Materials that may be suitable for forming a single piece frame may include polymers, such as thermoset plastics like reaction injection molded plastics, thermoplastics, and fiber reinforced plastics. These materials may be shaped by processes known in the art, such as reaction injection molding, high pressure injection molding, extrusion, thermoforming, or compression molding.

Further, the skylight assembly 8 either alone or as part of a tubular skylight may have a reflective interior surface 54. This provides a good seal against dust and other small debris dropping from the inside of the roof, as well as allowing the skylight to be trim finished from an interior perspective. The reflective interior surface 54 aids in transmitting light to the room below. In addition, the reflective interior surface 54 may also connect with the light pipe 20 to further enhance the amount of light going to the room.

An example of the skylight assembly having the light pipe is disclosed in detail in co-pending, commonly owned U.S. patent application Ser. No. 11/671,726, entitled “Overmolded Fenestration Building Product and Method of Manufacture”, which is incorporated herein in its entirety.

As an option, a mar-resistant coating 56 may be applied to an exterior exposed surface of the plastic sheet 40 of the canopy 10. Siloxane or polymethyl methacrylate coatings or the like can be used to provide a hard, mar resistant exterior surface to the canopy 10.

To make the skylight assembly 8, take two sheets of plastic 40 and 44 which will be large enough to span the opening 6. In certain embodiments, the first 40 and second 44 sheets are bonded together by interposing the resin layer 48 between them. The sheets are laminated using methods known in the art. Non-limiting examples of methods may include pressure and/or heat, or heat under vacuum. Such a step removes any gas that may be trapped between the layers, as well as provides any curing or bonding necessary for the resin layer 48.

The laminated panel formed above optionally may be formed into a three-dimensional shape, such as a pyramid, a dome or similar convex configuration. The three-dimensional shape may provide additional structural strength relative to a flat sheet. Further, the three-dimensional configuration may less the impact force by deflecting the impact of some of the energy of relatively concentrated short-term loads such as 2″×4″ lumber missiles driven by a hurricane-force wind. These concentrated short-term loads are simulated by a missile impact test like TAS 201 used by the Miami-Date County Building Department. As described above, the laminated sheet may be formed using processes known for shaping. In an example of an embodiment of the method, a laminated panel may be positioned in a first mold half which is warmed sufficiently to soften the laminated panel. By applying a relatively mild pressure, the laminated panel, when softened, may then be shaped to conform to the first mold half. The laminated panel, once shaped, can be removed from the first mold half and positioned in a second mold that is a closed mold. The closed mold then is injected with a plastic in an area adjacent to the periphery of the laminated panel.

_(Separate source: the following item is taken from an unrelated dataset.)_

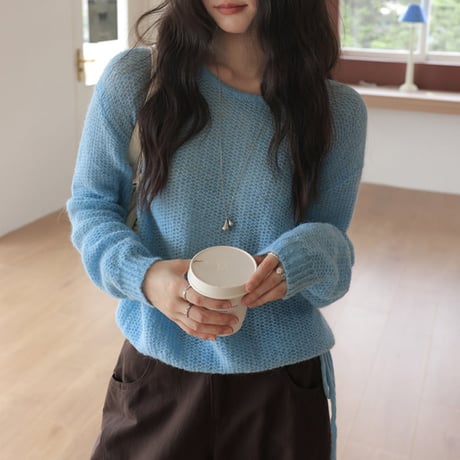 side tie mesh knit sweater　NK2713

In this embodiment of the method of making the skylight assembly 8, a continuous frame 12 of plastic is molded in situ and the plastic forms a seal between the frame and the laminated panel. Once the frame 12 is cured, a substantially complete skylight assembly 8 can then be removed from the open mold. Forming the single piece frame encapsulating the laminated panel eliminates extra seals and joints, and is an example of the method to limit the opportunities for water to leak into a residence or commercial building. Seals and joints of other designs may deteriorate with environmental exposure, as well as fail due to fatigue originating with cyclic wind pressures and thermal expansions. The formation of a molded polymer frame is disclosed in published U.S. patent applications US2005/0178078A1 dated Aug. 18, 2005 and US2005/0055901A1 dated Mar. 17, 2005, both of which are co-pending, commonly owned, and incorporated by reference herein in their entirety.

The leak-tightness of the skylight assembly 8 may be tested according to ASTM E547-00 and ASTM E331-00. For areas of the United States that often suffer hurricane force winds and driven rain, an acceptance criterion for these standards is allowing no leakage during the period of the test. Structurally, the skylight assembly 8 may be tested according to ASTM E330-02 where there is a positive and negative wind load placed on the skylight assembly 8. The acceptance standard for a hurricane velocity wind zone is where the skylight assembly 8 exceeds the load of 250 pounds per square foot.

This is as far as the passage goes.